I'm scrapping some pages and extracting some textual information and eventually images. As not all pages have images, I would like to create subfolders named with the title of the pages and store the respective images in them. For example: If an image was found on a page that has the title Junior Architect, a subfolder will be created in the IMAGES_STORE directory with the name Junior Architect.
What I've done so far is like this on the spider code:
class JobsSpider(scrapy.Spider):
[...]
def parse_listing(self, response): #called by "parse" method
[...]
image_thumbs = response.xpath('//div[@id="thumbs"]/a/@href').extract()
for image in image_thumbs:
yield scrapy.Request(image,callback=self.parse_images,meta={'image':image})
image_swipe_wrap = response.xpath('//div[@class="swipe-wrap"]/div/img/@src').extract()
for image in image_swipe_wrap:
yield scrapy.Request(image,callback=self.parse_images,meta={'image':image})
[...]
yield CraigslistItem(date=[date], link=[link], text=[text], compensation=[compensation], employment_type=[employment_type],
lat=[lat], long=[long], description=[description])
def parse_images(self, response):
image_urls = response.meta['image']
yield CraigslistItem(image_urls=[image_urls])
image_thumbs and image_swipe_wrap store the URLs of images to be downloaded.
This is my items.py:
class CraigslistItem(scrapy.Item):
date = scrapy.Field()
link = scrapy.Field()
text = scrapy.Field()
compensation = scrapy.Field()
employment_type = scrapy.Field()
lat = scrapy.Field()
long = scrapy.Field()
description = scrapy.Field()
image_urls = scrapy.Field()
images = scrapy.Field()
The settings.py:
ITEM_PIPELINES = {
'scrapy.pipelines.images.ImagesPipeline': 1,
'craigslist.pipelines.CraigslistPipeline': 2
}
IMAGES_STORE = '/home/higo/Imagens/craiglist'
DOWNLOAD_DELAY = 2
The textual information (date, link, text, compensation, employment_type, lat, long and description) are are being correctly extracted.
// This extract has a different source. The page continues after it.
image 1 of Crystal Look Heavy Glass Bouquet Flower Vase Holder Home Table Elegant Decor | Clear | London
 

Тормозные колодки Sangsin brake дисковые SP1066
The images are also extracting correctly, but so far I haven't been able to develop an approach that allows me to download them and store them in subfolders with the page title (this information is stored in the text item): they are being saved on IMAGES_STORE/full.
I've tried, without success, some approaches in pipelines.py like this and this one. Could someone help me with an implementation that works the way I want?